◆ Provided material ◆
○ ○ ○ ○ ○ ○ ○
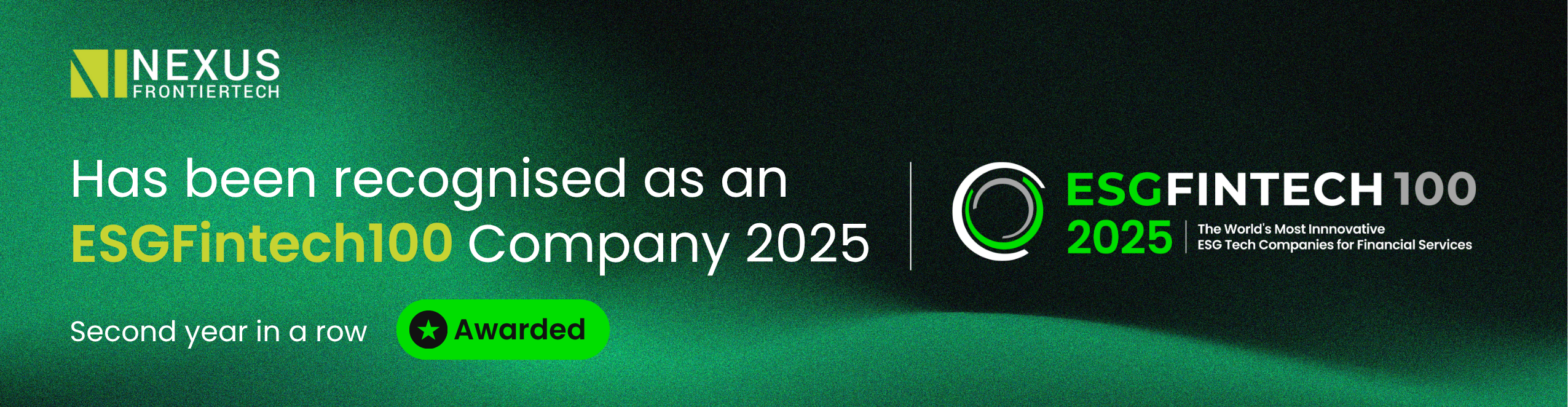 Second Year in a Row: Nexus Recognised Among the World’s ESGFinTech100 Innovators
○ ○ ○ ○ ○ ○ ○
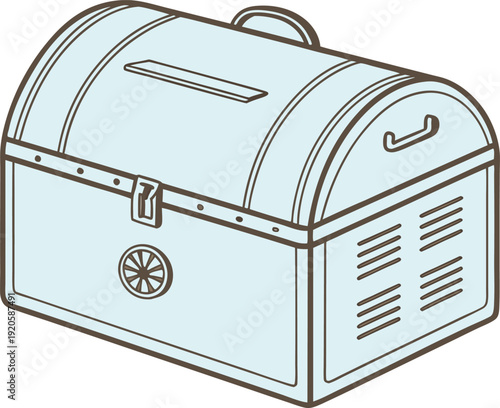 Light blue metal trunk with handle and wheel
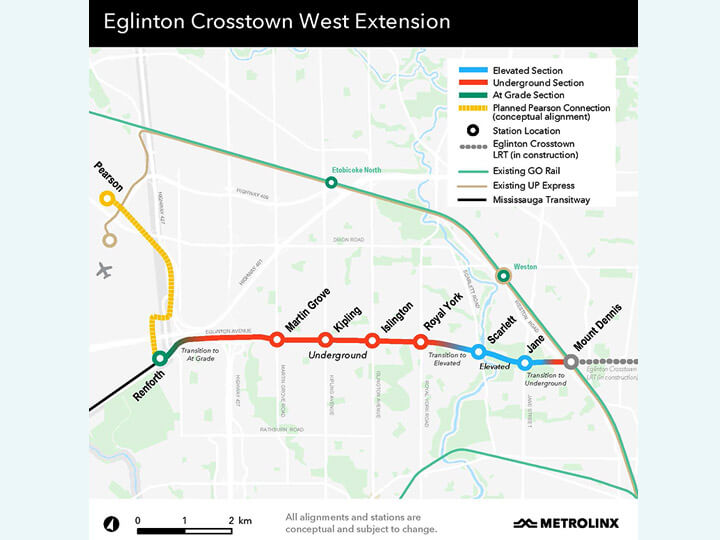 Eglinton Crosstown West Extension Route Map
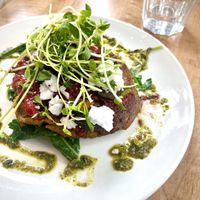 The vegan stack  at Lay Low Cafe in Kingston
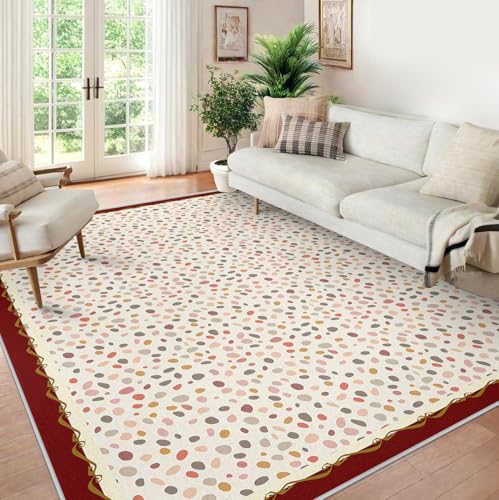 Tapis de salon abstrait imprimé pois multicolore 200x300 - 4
○ ○ ○ ○ ○ ○ ○
◆ Exercise directions ◆
Of all the material above, only the lines from the one that has "Light blue metal trunk with handle and wheel" down to the one that has "Tapis de salon" are to be written out, exactly and with both ends included. Pictures are skipped.

◆ Response below ◆
 Light blue metal trunk with handle and wheel
 Eglinton Crosstown West Extension Route Map
 The vegan stack  at Lay Low Cafe in Kingston
 Tapis de salon abstrait imprimé pois multicolore 200x300 - 4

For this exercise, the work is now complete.